Friday, January 19, 2018

Some IoT Device Platforms

I've been involved in IoT development for about five years. One year ago, I posted the following photo of some IoT device platforms:

Here's what I wrote at that time:

C.H.I.P. - for those who want a desktop interface (which you don't need for IoT devices). Would be better if it used HDMI display instead of composite.

Onion Omega 2+ - just got it, maybe similar to C.H.I.P.

Raspberry Pi 0 - relatively large power demand; missed the boat by not having built-in wifi.

TinyDuino - overpriced; wifi optional/extra (and very expensive).

Intel Edison - small power demand; great hardware and software; overpriced.

RedBear Duo - software is slow to mature; overpriced.

ESP8266 - this is the powerhouse behind the IoT revolution!

ESP32 (prototype) - this is the future.

 

One year later...

C.H.I.P. is now in breadboard-friendly form factor, but at $16.
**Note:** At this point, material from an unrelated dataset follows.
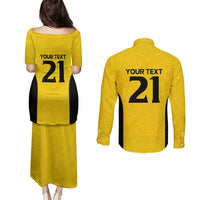 New Zealand Rugby Pacific Custom Couples Matching Puletasi and Long Sleeve Button Shirt Hau Awhiowhio Maori Tribal Tattoo LT9 - Polynesian Pride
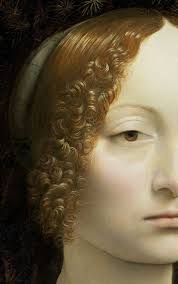 Portrait of Ginevra de Benci it was painted between 1474& 1478 detail  Leonardo da Vinci early renaissance Oil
Omega 2+ is very stable, but is not breadboard-friendly. It has not made it into a lot of commercial products.

There is now the Pi Zero W, which has wifi and BLE, and still $5!

TinyDuino and RedBear Duo haven't changed much.

Intel Edison is no longer in production.

ESP8266 is still going strong and can be found in more and more places.

ESP32 is now commonly available - the future is here!

 

There are other IoT device platforms, like the BeagleBone, the Particle Photon and Electron, and the various boards from Pycom. We also have new transport mediums, too, like LoRa and SigFox. From a hardware standpoint, IoT developers have a banquet of choices!

Things are good on the software side, too. Most of these boards can be programmed in multiple languages. Over the last five years, whole IoT ecosystems (middleware, backend, and "analytics pipeline") have evolved! It is a great time to be involved in IoT development!